You know the space I’m talking about?
This week saw a potent day happen in astrological terms. We had a solar eclipse, it was a Super New Moon, and we entered into a brand new 19 year cycle. This is big stuff, and the activation potency of the eclipse is said to be with us until March 23rd.
A window of new heart and soul opportunity is opening up – for all of us.
Maybe you have already started to feel this?
I know I have been.
On that potent day, I was to sign an important three year contract concerning my creative work. I knew the details of the contract and the technical working arrangement. But I didn’t know how it was really going to FEEL to be in this new working relationship or how it will turn out.
All that was clear was that instead of making all the decisions by myself, a new period of collaboration was about to usher in – and I was standing in that space in-between…
Sometimes we might imagine the void to be black.
On that day it wasn’t like that for me. Rather, it was grey white and involved a string of strange little events…

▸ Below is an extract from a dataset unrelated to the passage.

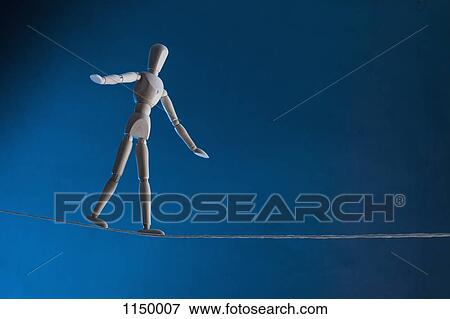 Stock Photo - An artist's figure walking a tightrope. Fotosearch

At 5.30 that morning my husband’s alarm yanked me out of an intense healing dream that involved characters and scenes from my past. Disoriented, and with half of me still feeling left in dreamland, I got up and dressed so I could drive down to the beach for my daily walk there.
But at the entrance of the carpark, a man flagged me down and to my surprise told me I could not enter. Everything was rammed full, he said, and cordoned off for a national surf competition that was to last all week.
The whole time I had lived here, I’d always been able to park here for my morning walks!
There was nothing for it but to turn around, drive further down the road to the next surf club, and use their access path down to the beach.
As I got out of the car, I was sure I recognised the man leant up against the bonnet of his van and talking to his mate. So I asked him if he was indeed who I thought he was – only to hear that he wasn’t, even though to me he looked identical.
Somewhat thrown by this, I walked over to the spot where the access path to the beach should have been. I was stunned to discover it was no longer there. At first, I thought I was going mad and had got my locations mixed up. But no, this should have been the spot. A quick check soon revealed that the fence had simply been covered in a hessian mesh to stop people walking through. I had no idea why.
Still determined to get down onto the beach, I drove the car a kilometre or so more, to the farthest end. It was becoming difficult to see out of the windscreen, despite my attempts to flush it with water and the wipers. A sea fog was spreading across the whole suburb, breathing itself onto the glass. It was unusual for this time of year.
I got out and, for a few minutes, grounded myself. It was delicious being barefoot on a welcome mat of soft dewy grass! I gazed across to the water.
Two yachts ghosted on their mooring, watched by the glow of lights around the bay. A flash of silver fish flew en-masse out of the water and skimmed themselves like shining pebbles across its surface. For a few seconds the fish seemed to embrace both worlds of the familiar and the unfamiliar – and make light work of it too.
I began walking. By the time I landed on the beach, the moist and misty fog of a 360 degree whiteout was almost complete. The water was warm on my feet, and the salty pong of seaweed wrapped around the humidity. I considered the morning so far.
Nothing was as it normally was.
I was starting in a new place, facing a new direction.
Only able to see a few paces in front of me.
It was the perfect metaphor for the situation I found myself in life – where the familiar was now overlaid with the unfamiliar, the way forward somewhat shrouded in mystery, and where the warm breath of nervousness and excitement about entering into a three year collaboration and commitment, had fogged the screen of my mind for a short while.
As I walked, the soaked sand giving a little under my feet, I knew I could only see as far ahead as I needed to right now: a few paces. It was enough.
And I remembered something else too.
What remains important as we step into the unfamiliar phases of our familiar world is to keep the heart open, even when we don’t have the whole picture of how it will all work out.
To befriend the void is to hang out with the magic and potential of what we can’t yet see.
It is to step the next step, fully immersed in the swirl of potentiality as it unfolds.
And to know that of course, in the end, all fog clears.